• _What to work on_: Print, from the listing below, the lines starting at the line containing "Porsche Panamera White" and ending at the line containing "Sea Turtle Tortoise", exactly as they stand, and print nothing else.

Records for this exercise: Begin

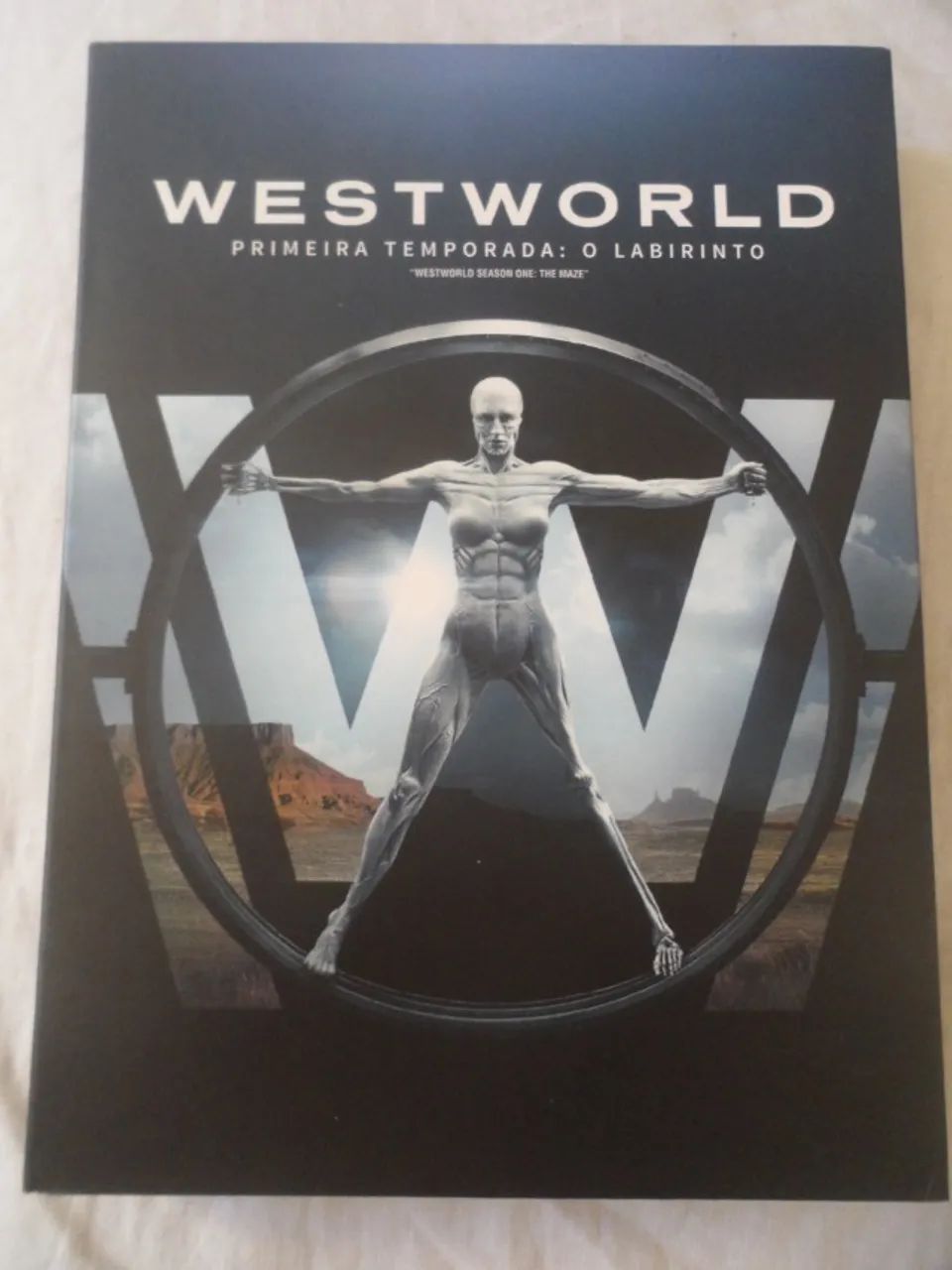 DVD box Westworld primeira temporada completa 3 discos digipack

Records for this exercise: End
Records for this exercise: Begin

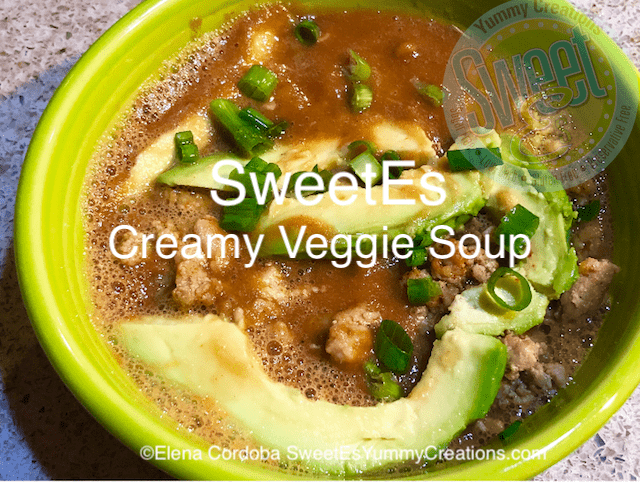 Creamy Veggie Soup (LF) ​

Records for this exercise: End
Records for this exercise: Begin

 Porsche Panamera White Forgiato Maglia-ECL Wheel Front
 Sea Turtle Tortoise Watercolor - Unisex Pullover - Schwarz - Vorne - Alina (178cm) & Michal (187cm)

Records for this exercise: End

• _Answer_:
 Porsche Panamera White Forgiato Maglia-ECL Wheel Front
 Sea Turtle Tortoise Watercolor - Unisex Pullover - Schwarz - Vorne - Alina (178cm) & Michal (187cm)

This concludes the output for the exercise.